→ **Stored data**
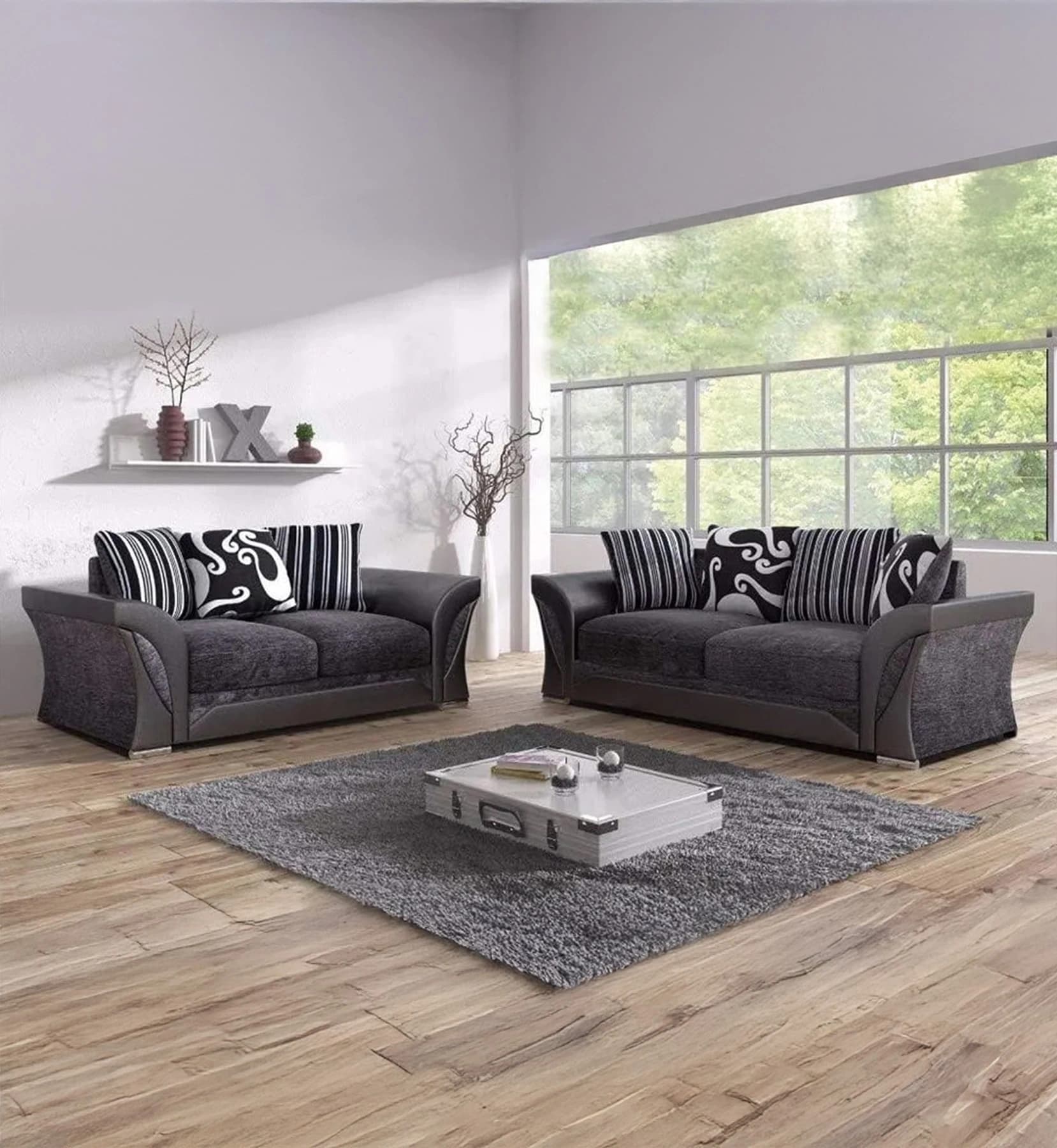 Modern contemporary furniture collection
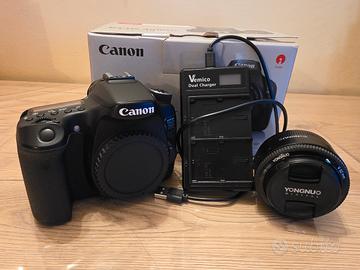 Canon eos 4000D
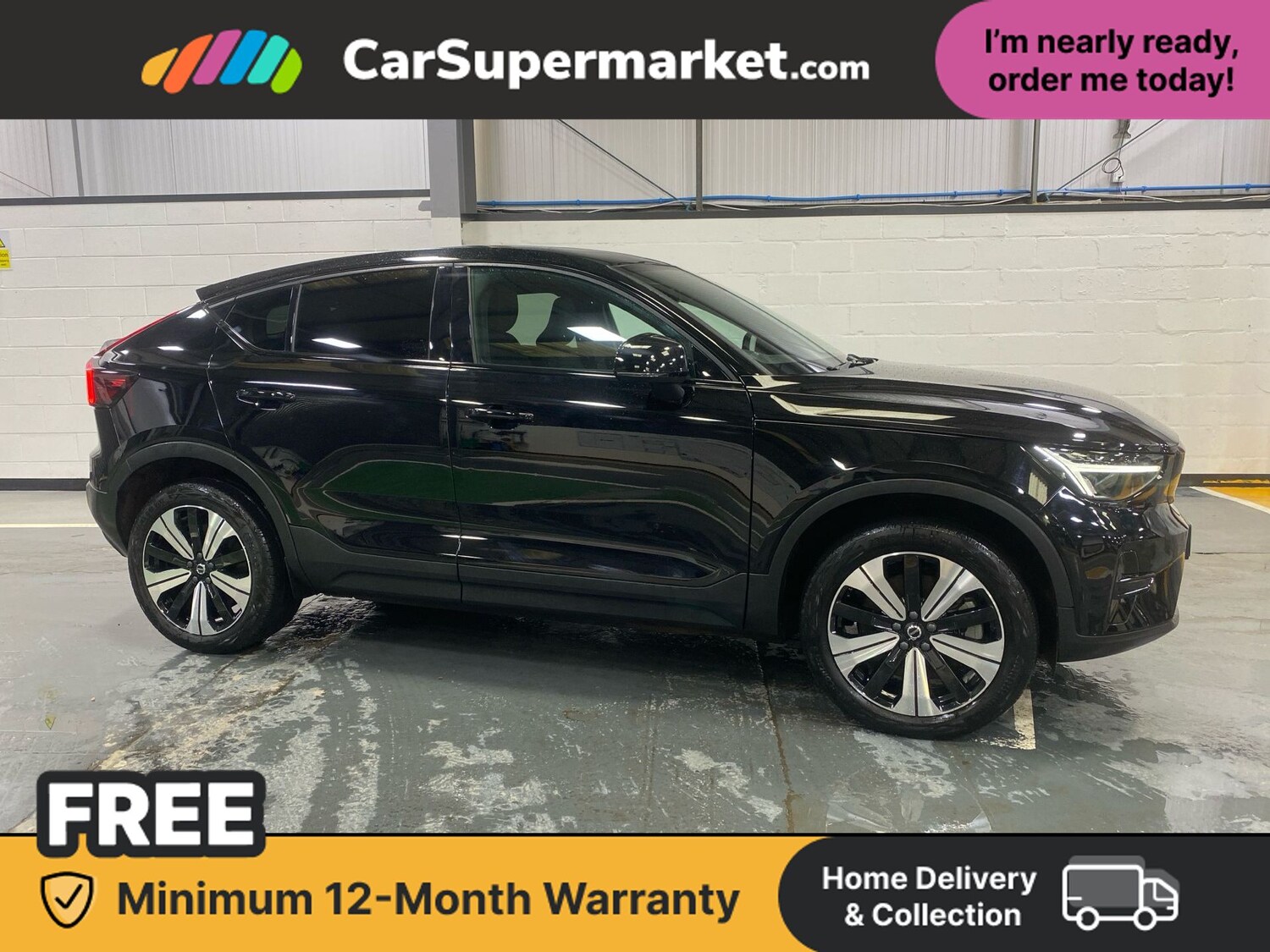 Used Volvo C40 2023 for sale - 77654186: Photo 3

→ **Task to complete**
All that is needed here is the run of lines from the one containing "Canon eos 4000D" through the end of the material above, reproduced exactly and without pictures.

→ **Written answer**
 Canon eos 4000D
 Used Volvo C40 2023 for sale - 77654186: Photo 3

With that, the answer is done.